GIURBA, Mario
Nacque a Messina nel 1565 da Onofrio, ricco mercante originario di Rometta, nei ranghi della giurazia tra il 1561 e il 1594, e da Silvia Campolo, di potente famiglia feudale attiva nel ceto dirigente cittadino dagli inizi del Quattrocento.
Avviato agli studi giuridici probabilmente dallo zio materno Tommaso, docente di diritto civile e giudice nel tribunale cittadino, conseguì il dottorato inutroque a Pisa il 19 sett. 1587. Tornato a Messina nell'estate del 1588, fu ascritto alla "mastra de' nobili" (la lista degli eleggibili) di quell'anno con il titolo di messere, in quanto nobile laureato. L'anno successivo intraprese la professione forense e nel 1590 patrocinò nel tribunale del Concistoro la sua prima causa di rilievo tra due membri della potente famiglia Spatafora, a lui legata da vincoli di affinità da parte materna. Nello stesso periodo gli fu conferito l'incarico - mantenuto per tutta la vita - di avvocato dei rei nel tribunale del S. Officio, e per alcuni anni si dedicò alla pratica del foro nei tribunali civili ed ecclesiastici del Regno, divenendo uno dei più celebri e facoltosi avvocati del tempo.
La sua ascesa professionale coincise con l'affermazione delle istanze egemoniche di Messina sulle altre città siciliane, propiziata da un privilegio concesso nel 1591 da Filippo II. Con esso la città aveva ottenuto la riapertura dell'Università con licentia doctorandi, l'obbligo di residenza del viceré per metà del suo mandato, un più incisivo ruolo della corte stratigoziale (tribunale cittadino di prima istanza) a tutela dei privilegi cittadini, importanti esenzioni tributarie.

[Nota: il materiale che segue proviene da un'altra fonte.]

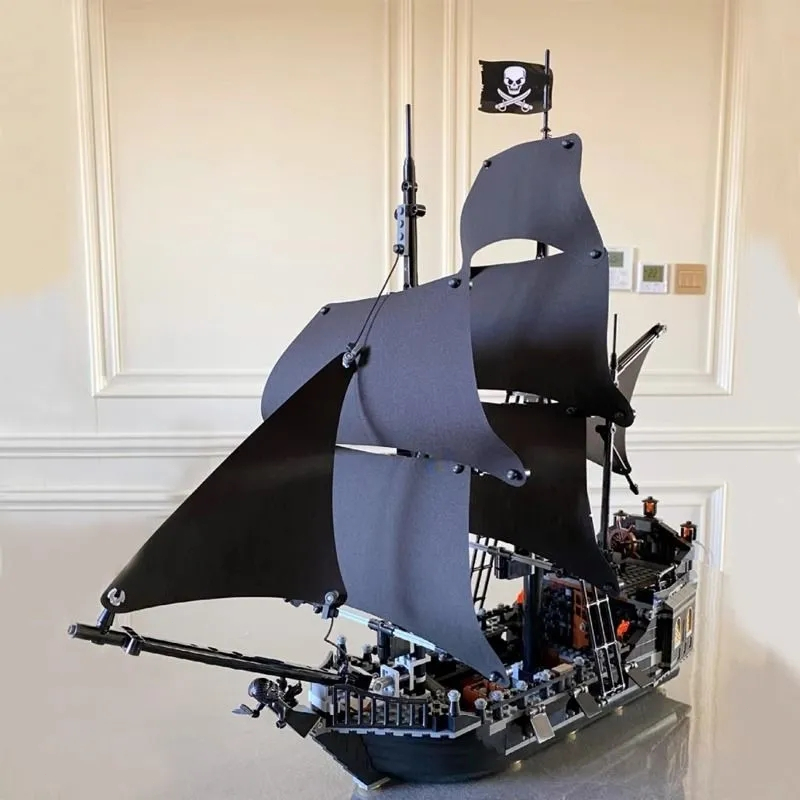 53,5cm Novo Produto Piratas do Caribe Série Pirata Pérola Negra Navio Pirata Pérola Negra Montagem Educacional de Brinquedos de Aniversário Infantil Modelo de Decoração de Presentes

Il G. aderì con convinzione ai progetti politici del gruppo dirigente messinese, ponendo la sua esperienza di giurista al servizio della giurazia, che nel frattempo si era attribuita il nome di Senato: nel 1596 sottoscrisse due allegationes - una con G.B. de Blaschis - per sollecitare l'esecutoria viceregia della sentenza rotale che aveva accolto le istanze messinesi per l'apertura dello Studio; nel 1597 si recò a Palermo, quale agente del Senato, per indurre il riluttante viceré a trasferire la corte con i tribunali a Messina come prescritto dal privilegio del 1591; l'anno successivo fu giudice stratigoziale con il sostegno di A. Quintana Dueña, consultore vicereale. Fu giudice dell'Appellazione nel 1600 e nel 1603, e ancora giudice stratigoziale nel 1605; ricoprì quindi la carica di sindicatore e capitano d'armi a Mistretta e Polizzi e nel 1610 fu eletto giudice nel tribunale del Concistoro con il viatico del Quintana, divenuto frattanto reggente nel Supremo Consiglio d'Italia per gli affari di Sicilia. Nel 1612, al termine del mandato, decise di concludere l'esperienza in magistratura e di dedicarsi esclusivamente all'attività forense. La sua fama in quel periodo si diffuse nel Regno: ricorsero al suo patrocinio anche il viceré P. Téllez Girón duca d'Osuna e lo strategoto A. Manriquez.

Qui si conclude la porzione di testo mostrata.